The interface worked flawlessly connecting to both bands. In the past, I had issues in the past with other devices connecting to both bands without enabling WPS. I always strongly recommend against WPS, given some inherent security risks associated with the 'feature' (which is more of a shortcut).
With the RE6400 it worked great, no WPS and no issues.
The external antennas at least make me feel more confident about it's performance.
Onboard ethernet is great for non-wifi (or 802.11 G/N-only) smart TVs, gaming consoles, etc. Can effectively bridge slower connections onto AC.
Can set transparent bridging or different SSID.
Accounting for the taxed throughput, speeds were bottlenecked by my Seagate NAS methinks. But still as fast as would be expected in the 400 to 500mbit range. I can't complain.
According to the FCC datasheets:
Power Consumption is 18W**.
802.11ac rates: 866.7Mbps (around 144 MB/s.)
2T2R dipole antennas at 4dBi gain for 2.4Ghz band and 6dBi at 5Ghz.
TX Power: 802.11ac: 30.7 to 120mW. 802.11n: 592.2 to 746.2mW
Not really a con, but it heats up quite a bit, which is to be expected with this kind of device.
Other than that, this device is pretty solid. I miss the extra audio port, but I know that is included (as well as power pass-through) in the slightly pricier RE6700, so no complaints here. Extra features, extra costs.

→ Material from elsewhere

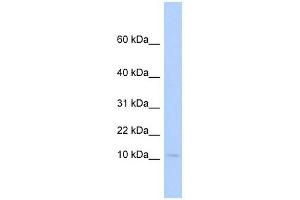 PLAC9 antibody used at 1 ug/ml to detect target protein.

Other Thoughts: It just dawned on me that Belkin bought out Linksys from Cisco a few years ago. I haven't always been the biggest fan of Belkin products, but as a de facto blind test of a few of their products, I can say they aren't too bad under the Linksys brand.
For $100 you can't really go wrong if you need something relatively small and portable. If you do not need this, however, it may be more sensible to shop around for a second 802.11 AC router with repeater capabilities, or just link one across a gigabit backbone. There are certainly better ways of approaching the weak signal issue, but that's beyond the scope of this review.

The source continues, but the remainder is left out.